* **Records supplied**:
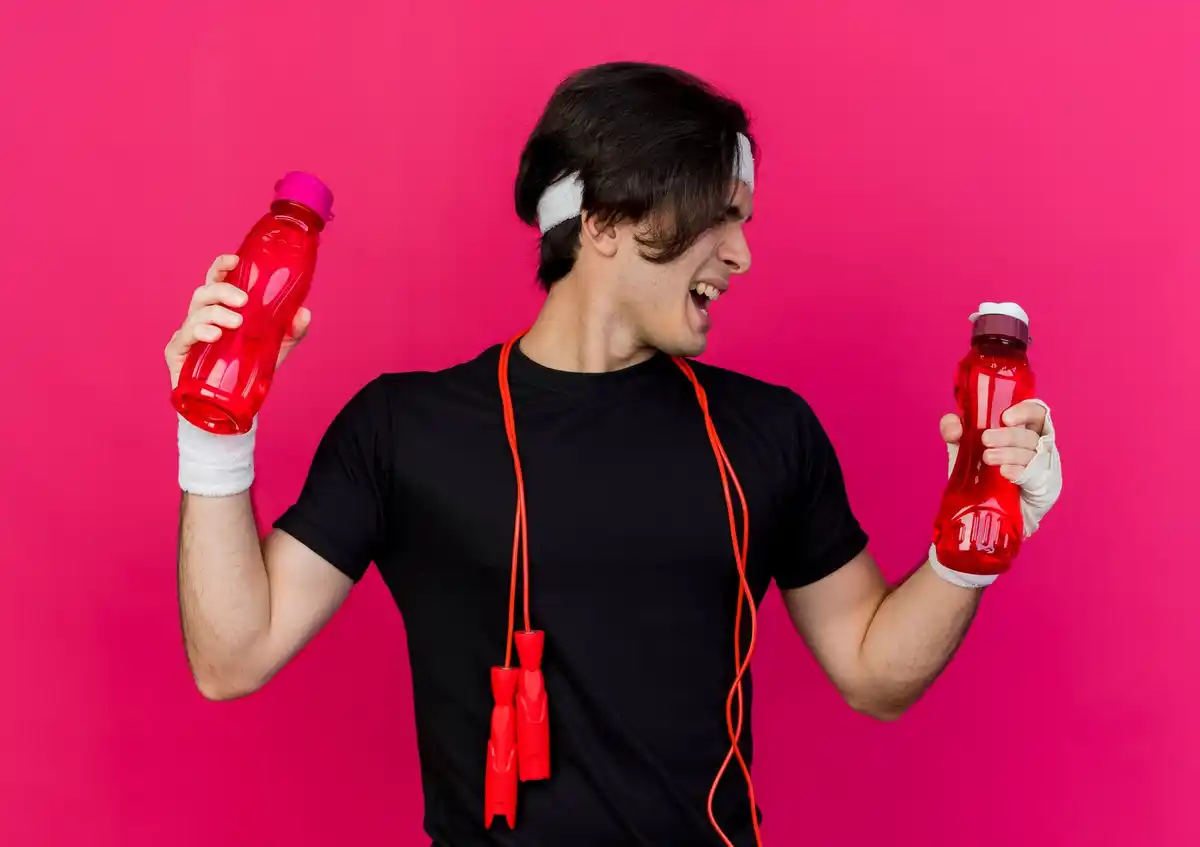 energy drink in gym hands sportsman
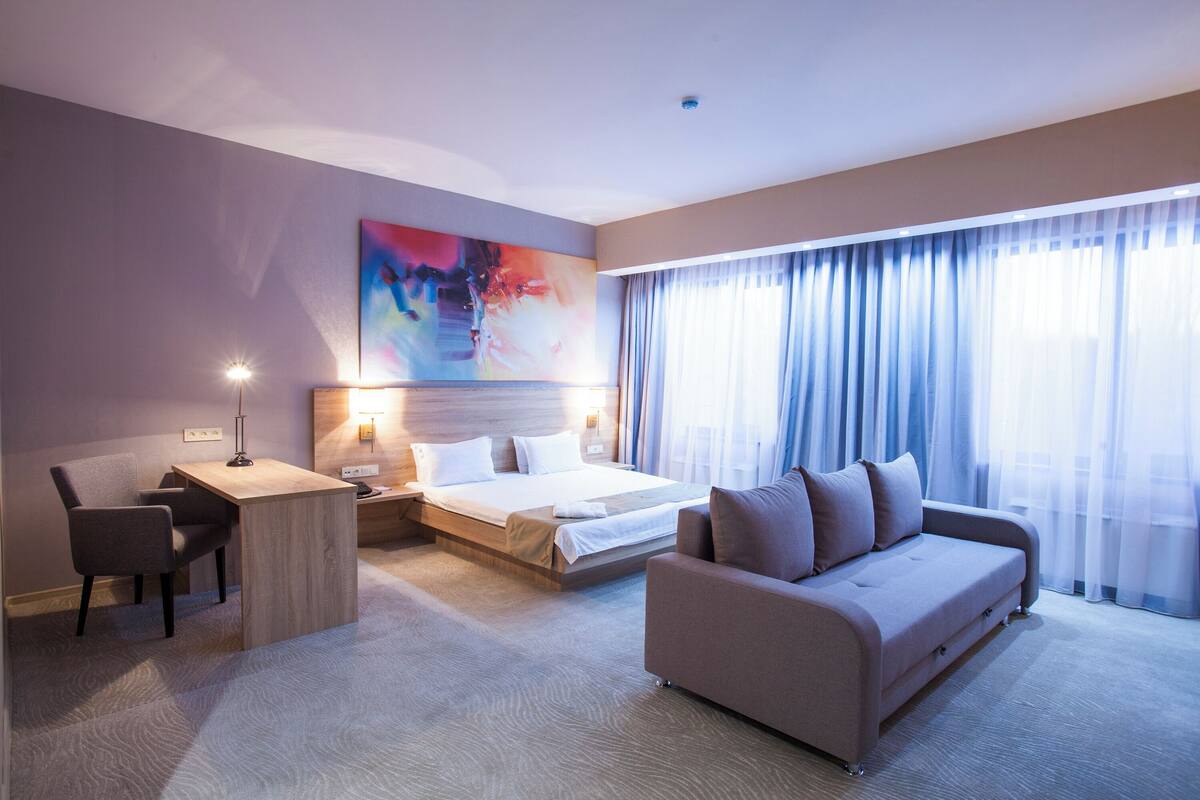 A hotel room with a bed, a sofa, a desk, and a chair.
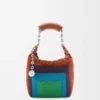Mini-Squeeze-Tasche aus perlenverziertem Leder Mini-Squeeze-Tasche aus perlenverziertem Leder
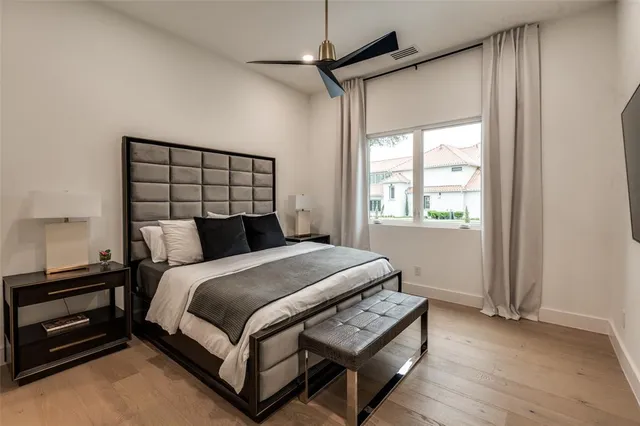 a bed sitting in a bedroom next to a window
...
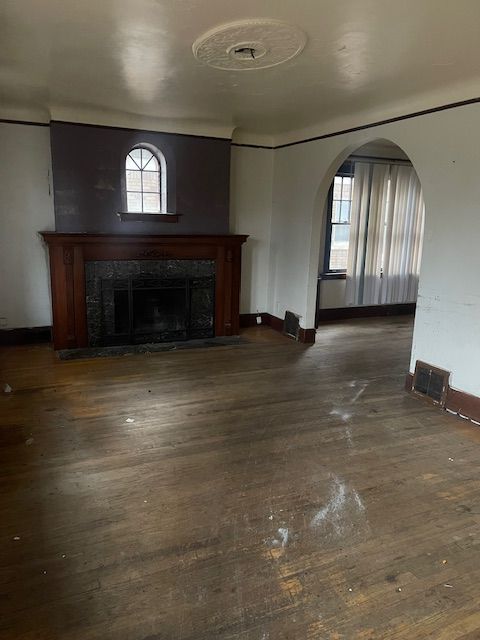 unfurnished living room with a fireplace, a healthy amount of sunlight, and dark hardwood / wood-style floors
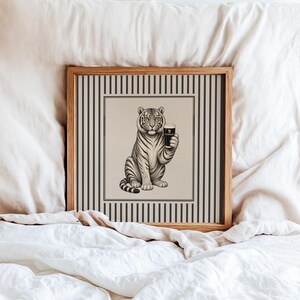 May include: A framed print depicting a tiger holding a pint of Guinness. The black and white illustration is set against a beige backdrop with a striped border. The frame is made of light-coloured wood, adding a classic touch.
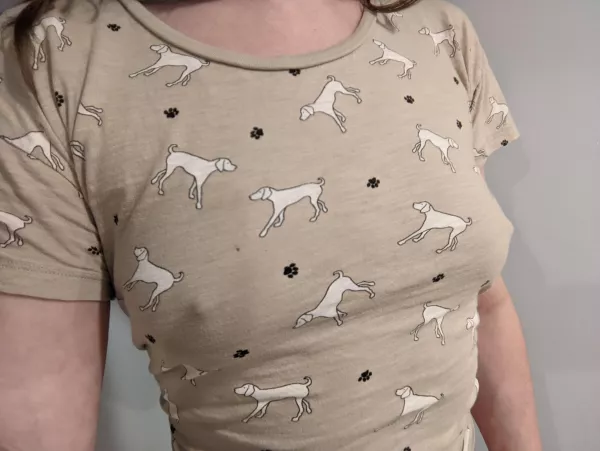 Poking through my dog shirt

* **What the task requires**:
Beginning with the line above that contains "May include: A" and finishing with the line that contains "Poking through my dog shirt", print those lines exactly and only. Skip all pictures.

* **Completed task**:
 May include: A framed print depicting a tiger holding a pint of Guinness. The black and white illustration is set against a beige backdrop with a striped border. The frame is made of light-coloured wood, adding a classic touch.
 Poking through my dog shirt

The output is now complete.